> [DATA SHOWN]:
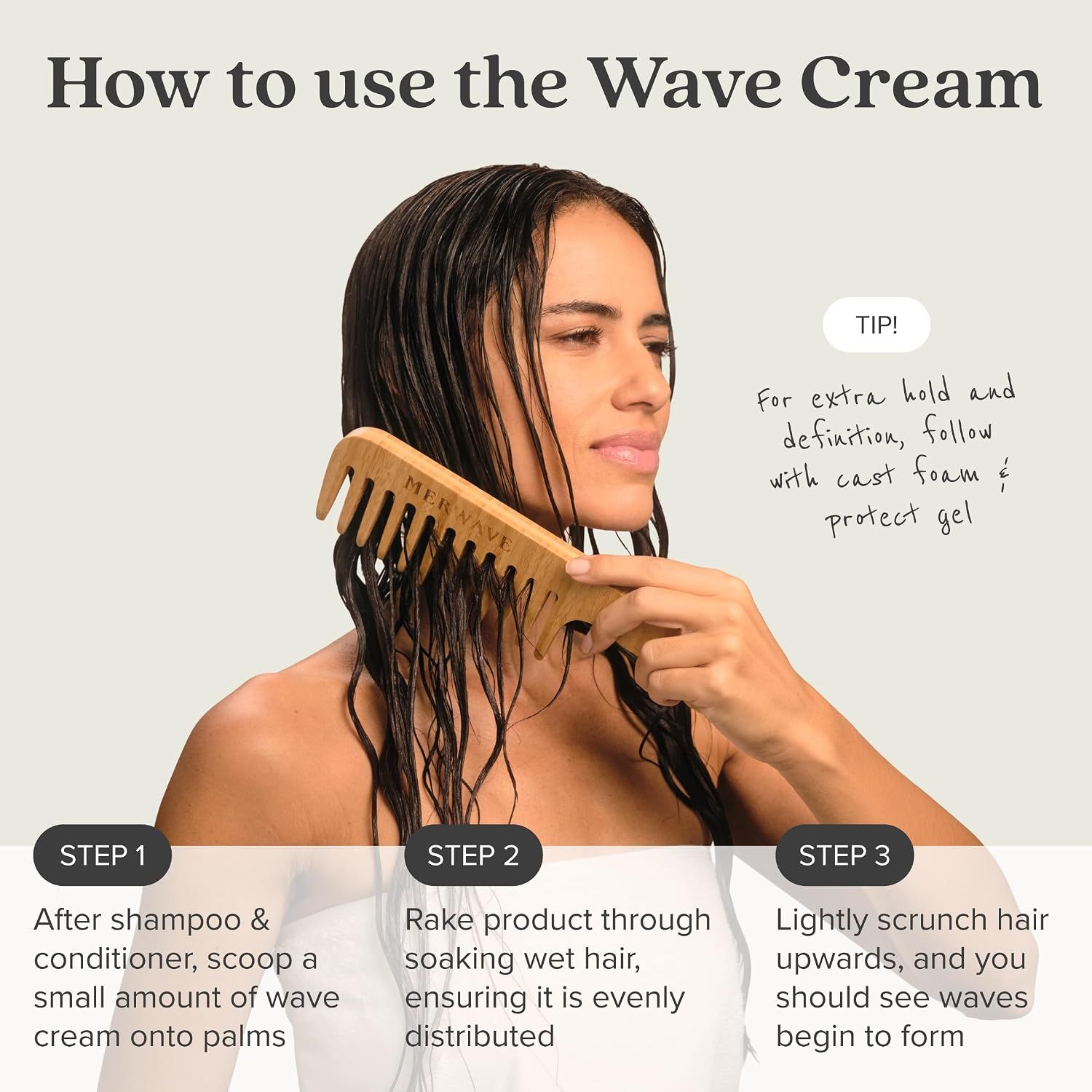 Provides step-by-step instructions on how to apply the wave cream to achieve optimal results, making the product easy to use for shoppers.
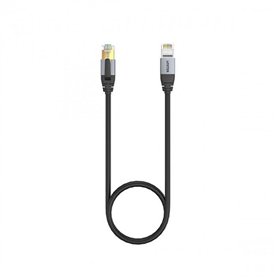 Câble Réseau Rigide S/FTP 8me Catégorie Unitek C18149AGY03-1M Noir 1 m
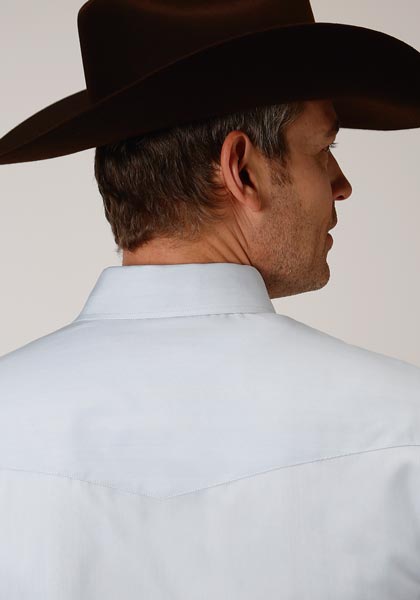 Roper Men's Tone on Tone Striped Western Snap Shirt
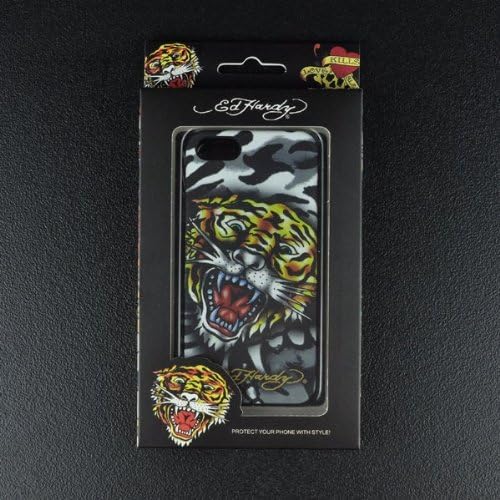 Tokyo Monogatari Luxury Ed Hardy Case For iphone 5S 5 Skull Tiger Plastic Hard Protective Cover For iphone5 5s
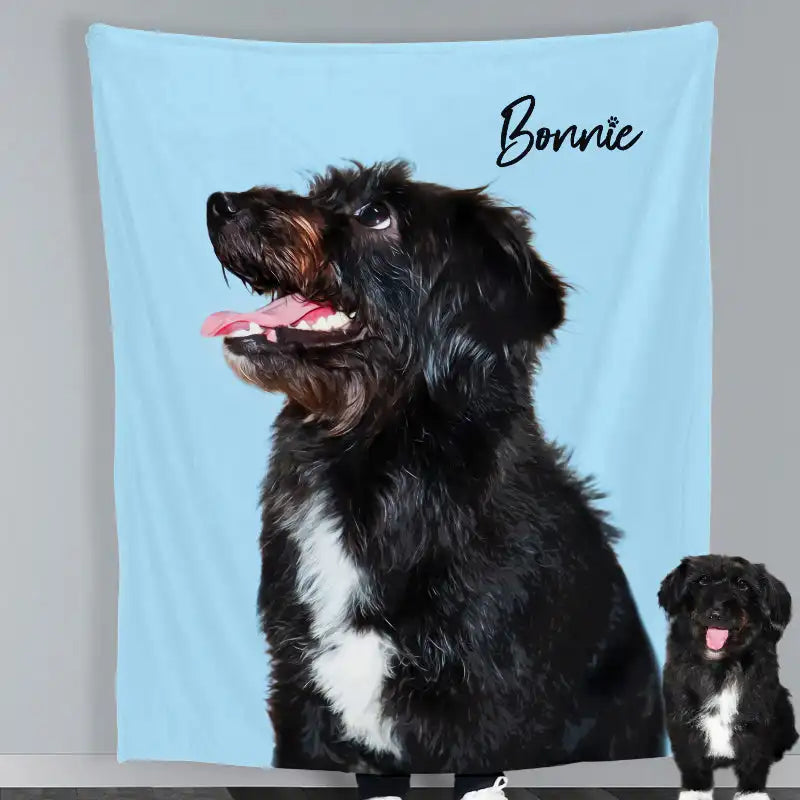 Heirloom Pet Portrait Blanket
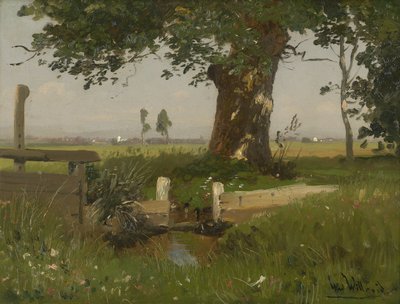 Nyárias réti táj Karintiában alkotó: Ludwig Willroider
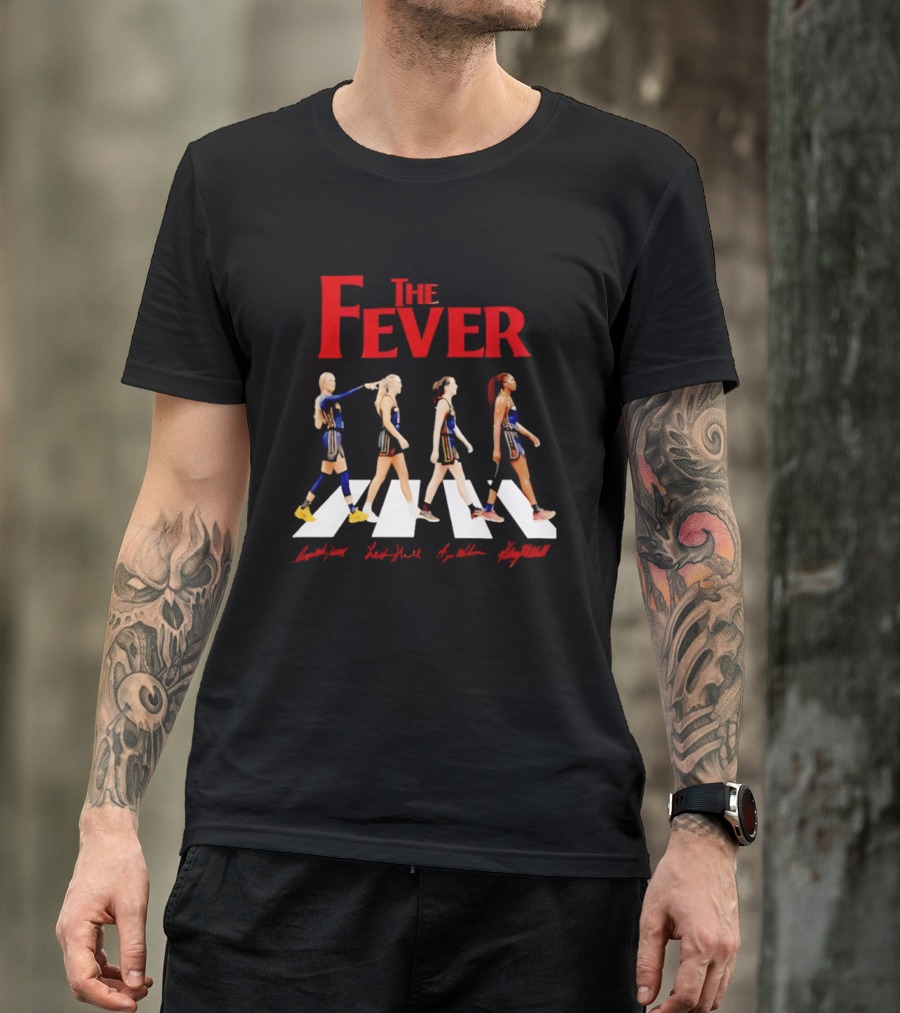 Indiana Fever Basketball Team Abbey Road Beatles T-Shirt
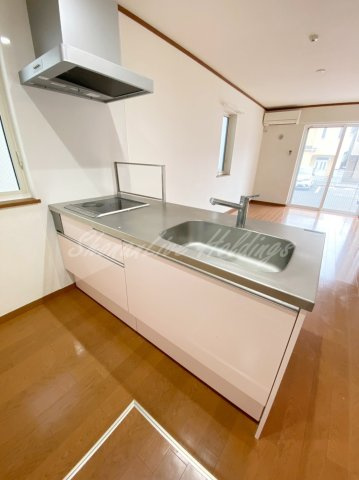 クレール久里浜　B棟のキッチン|人気のカウンターキッチン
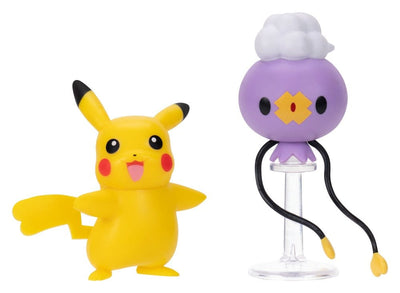 Pokémon Action Figure 2 Pezzi Drifloon e Pikachu - Jazwares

> [PROBLEM DESCRIPTION]: Copy all the material exactly; omit images.

> [TASK ANSWER]:
 Provides step-by-step instructions on how to apply the wave cream to achieve optimal results, making the product easy to use for shoppers.
 Câble Réseau Rigide S/FTP 8me Catégorie Unitek C18149AGY03-1M Noir 1 m
 Roper Men's Tone on Tone Striped Western Snap Shirt
 Tokyo Monogatari Luxury Ed Hardy Case For iphone 5S 5 Skull Tiger Plastic Hard Protective Cover For iphone5 5s
 Heirloom Pet Portrait Blanket
 Nyárias réti táj Karintiában alkotó: Ludwig Willroider
 Indiana Fever Basketball Team Abbey Road Beatles T-Shirt
 クレール久里浜　B棟のキッチン|人気のカウンターキッチン
 Pokémon Action Figure 2 Pezzi Drifloon e Pikachu - Jazwares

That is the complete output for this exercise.